START Given records

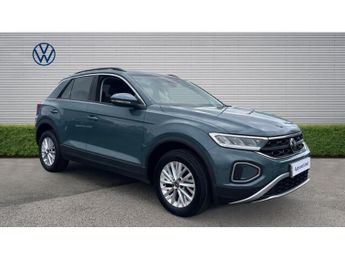 Volkswagen T-Roc 1.5 TSI Life 5dr Petrol Hatchback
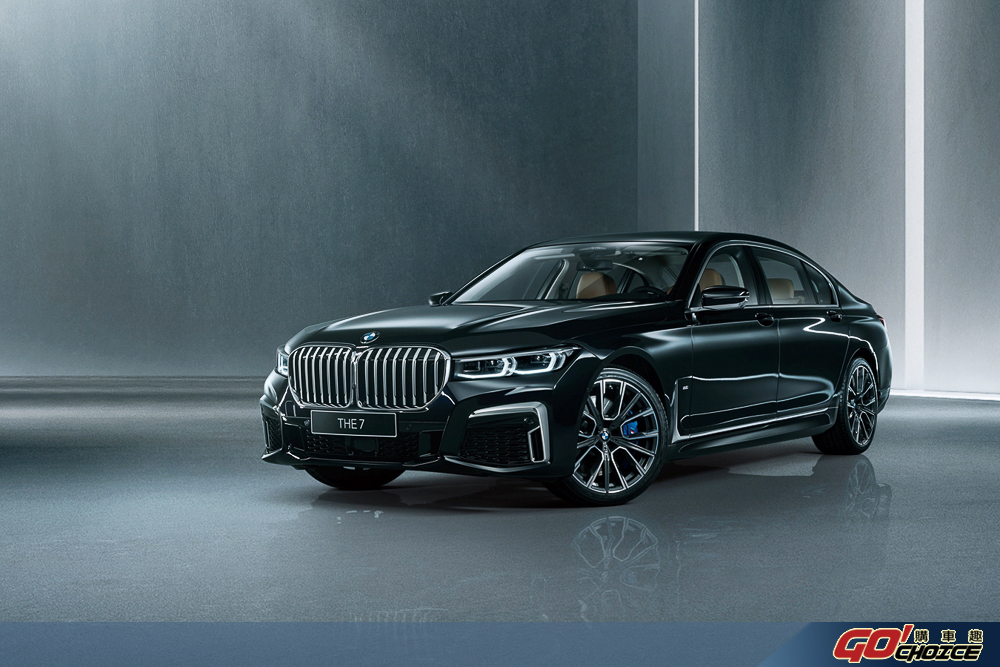 全新 BMW 7 系列 M Sport 層峰旗艦版 限量上市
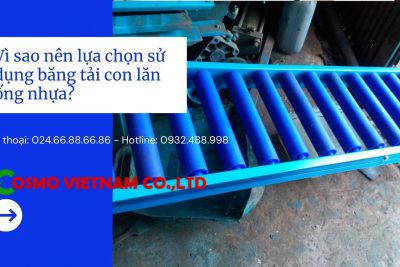 Why should you choose to use plastic pipe roller conveyor?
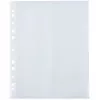HERMA 7698 Fotophan fundas para diapositivas 5x5, 10 hojas, transparente/mate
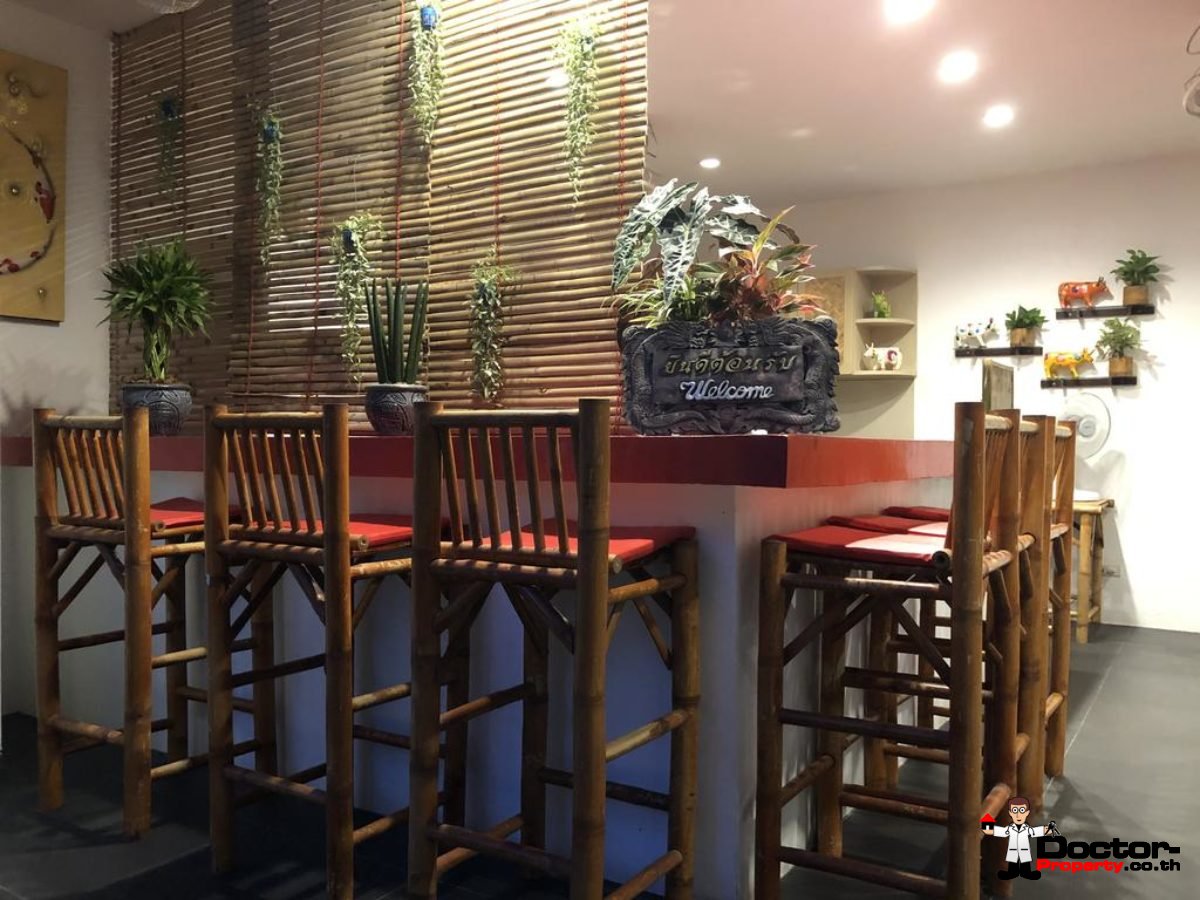 17 Rooms Boutique Hotel - Mae Nam - Koh Samui - for sale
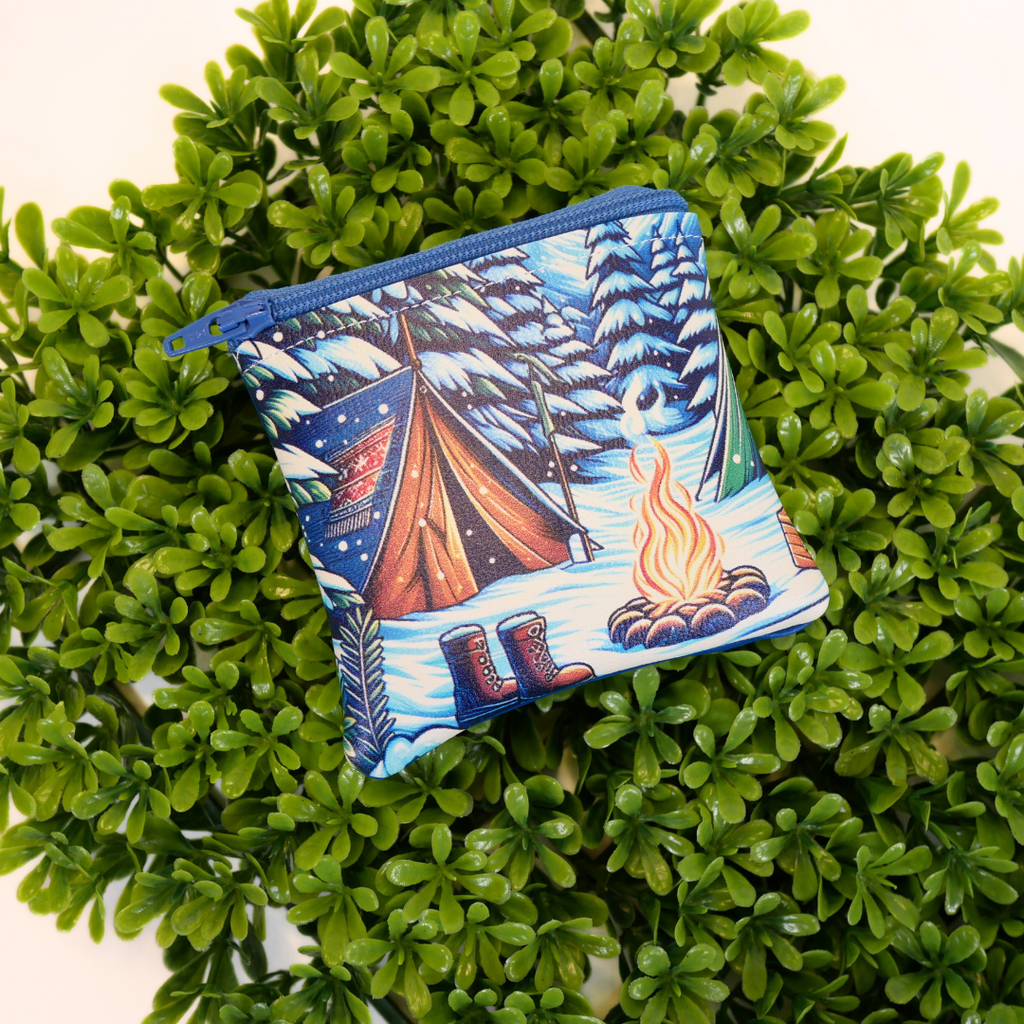 Camping Adventures Zipper Bags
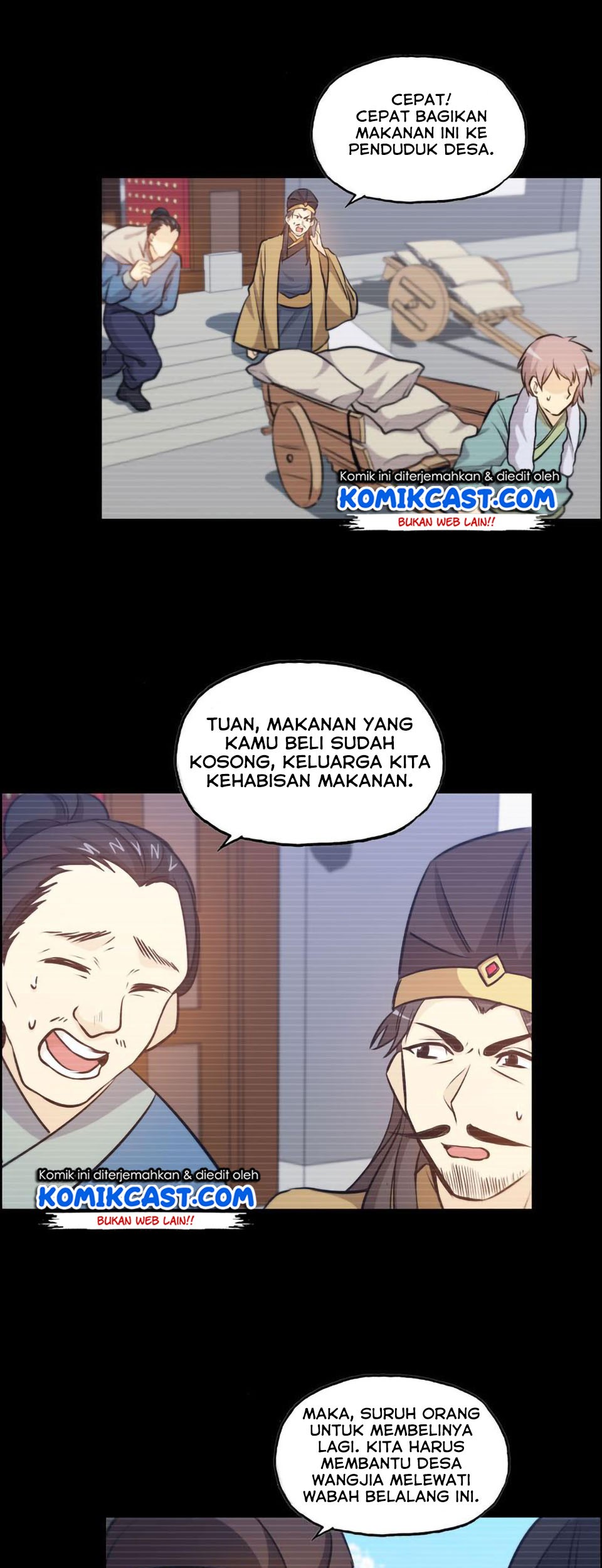 The Beginning of Journey Chapter 33 - halaman 4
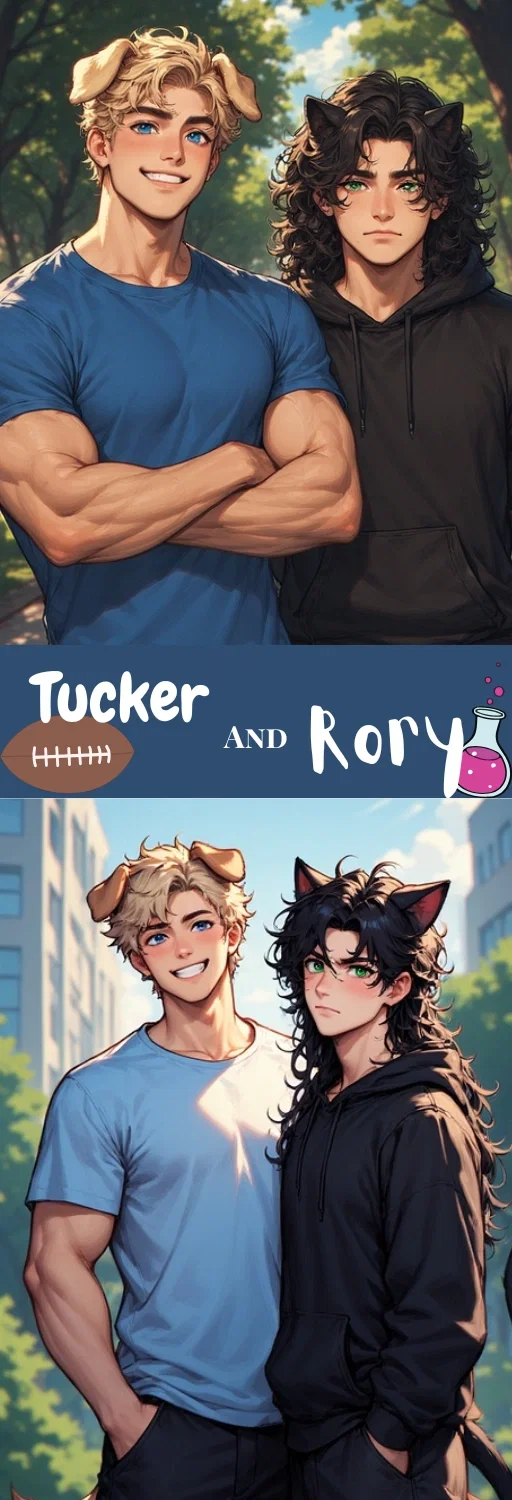 Rory Whisker and Tucker Barker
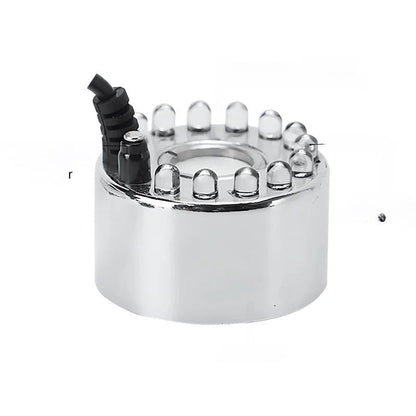 LED Light Decorative Fog Machine - Water Fountain Fog Machine for Halloween & Holiday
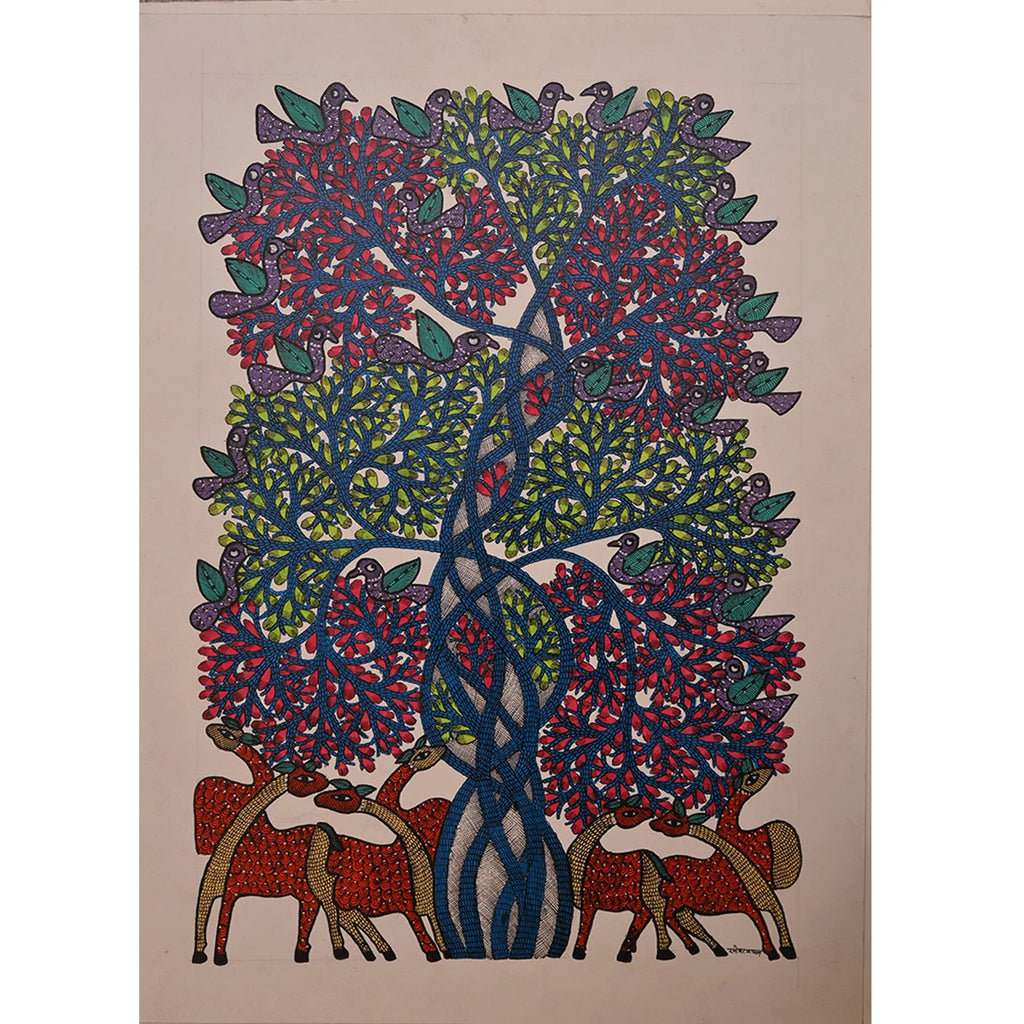 Gond - Tree of Life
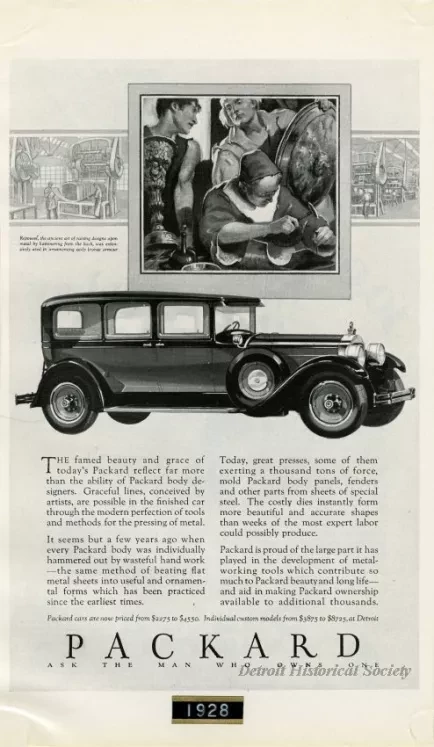 Ad, Magazine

END Given records

Try it: The answer is the lines of the material above, from the one containing "17 Rooms Boutique" down to the one containing "Gond - Tree of Life", given exactly and without images.

Output for this task:
 17 Rooms Boutique Hotel - Mae Nam - Koh Samui - for sale
 Camping Adventures Zipper Bags
 The Beginning of Journey Chapter 33 - halaman 4
 Rory Whisker and Tucker Barker
 LED Light Decorative Fog Machine - Water Fountain Fog Machine for Halloween & Holiday
 Gond - Tree of Life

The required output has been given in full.